Jin Liu, General Manager ICBC Frankfurt, gab einen kurzen Überblick über das Banksystem in China und die ICBC: "Gemessen am Nettoprofit der letzen drei Quartale sind unter den Top 10 der größten chinesischen Unternehmen sechs Banken. Allen voran die ICBC mit einem Gewinn von 14 Billionen Dollar." Insgesamt sei man durch das sehr gesunde Finanzsystem in China ein stabiler Partner für ausländische Unternehmen: "Das Vermögen am Bankensektor beläuft sich auf 7,5 Trillionen Euro, alle Banken unterstehen der staatlichen Bankenaufsicht." Die Raiffeisenlandesbank OÖ sei für die ICBC einer der wichtigsten Bankenpartner in Europa. Gemeinsam werden österreichische und europäische Kunden erfolgreich unterstützt, wenn sie nach China gehen.

Währungsdifferenzen lösen

Ebenfalls zufrieden mit der Zusammenarbeit mit der ICBC zeigte sich Ludwig Scharinger, Generaldirektor der Raiffeisenlandesbank OÖ: "Wir begleiten über unseren Asien-Desk und in Zusammenarbeit mit der ICBC bereits 627 Kunden nach China.
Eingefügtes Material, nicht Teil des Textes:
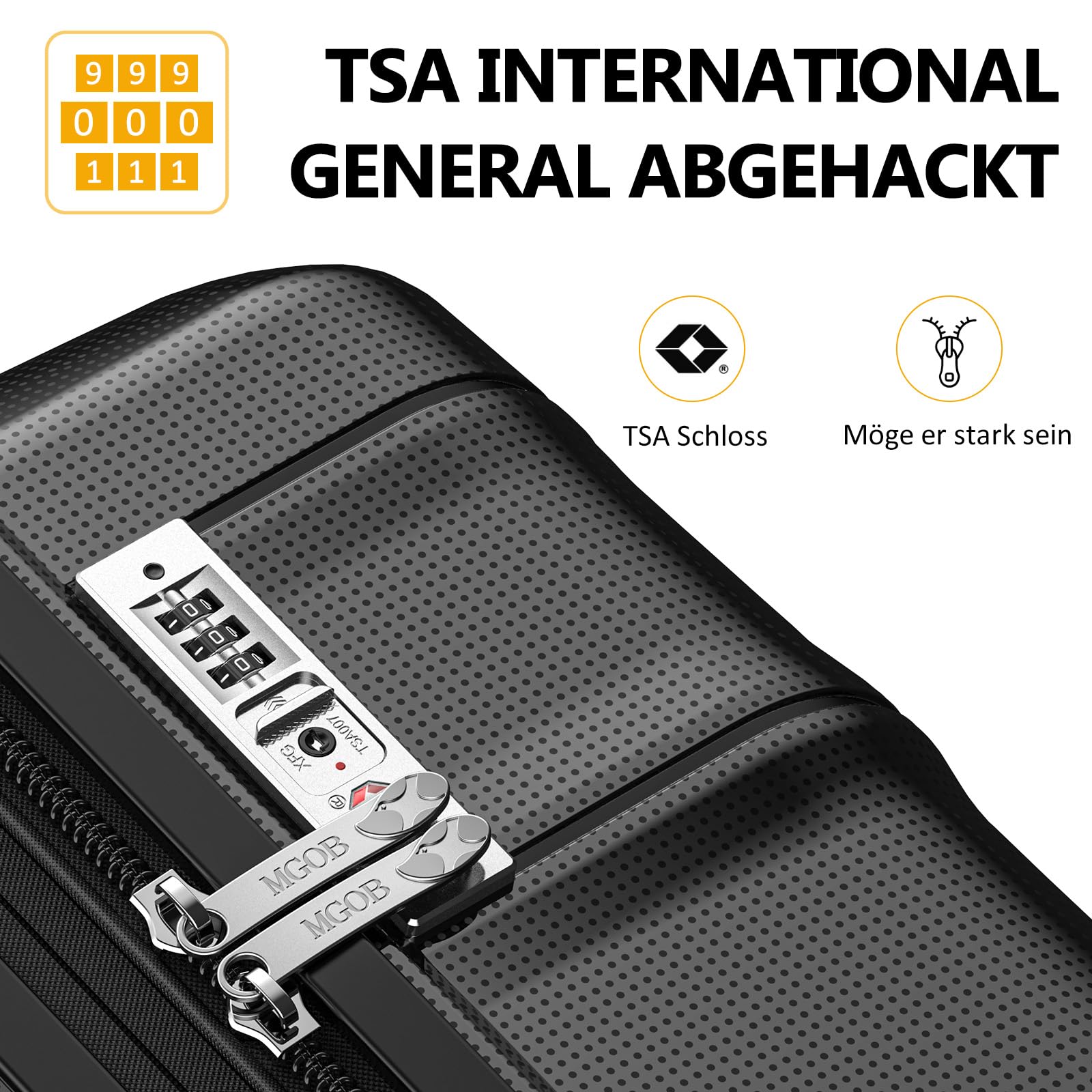 MGOB Valigia Bagaglio a Mano PP(Polipropilene) 40L Trolley Rigida Valigie da Cabina Spinner e TSA Lucchetto 55x36x20cm, Nero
Dabei unterstützen wir bei Kontoeröffnungen, organisieren lokalen Betriebsmittelbedarf und bieten komfortable Cash-Management-Lösungen. Aber auch beim Zugang zu Öffentlichen Stellen hilft die ICBC." Österreich habe Riesenchancen in China. "Wir können in diesen unglaublich großen Markt Hightech und Know-how exportieren." Die Handelsbeziehungen zwischen Europa und China werden laut Scharinger auch von der künftigen Entwicklung der Währungen abhängen. "Die Währungsdifferenzen sind ein Problem. Wenn der Dollar weiter schwächelt, wird sich der Yuan vom Dollar abkoppeln müssen." Außerdem plädierte Scharinger angesichts der Entwicklung des Dollars für eine gemeinsame Faktorierungswährung mit Euro, Yuan, Yen und Rubel.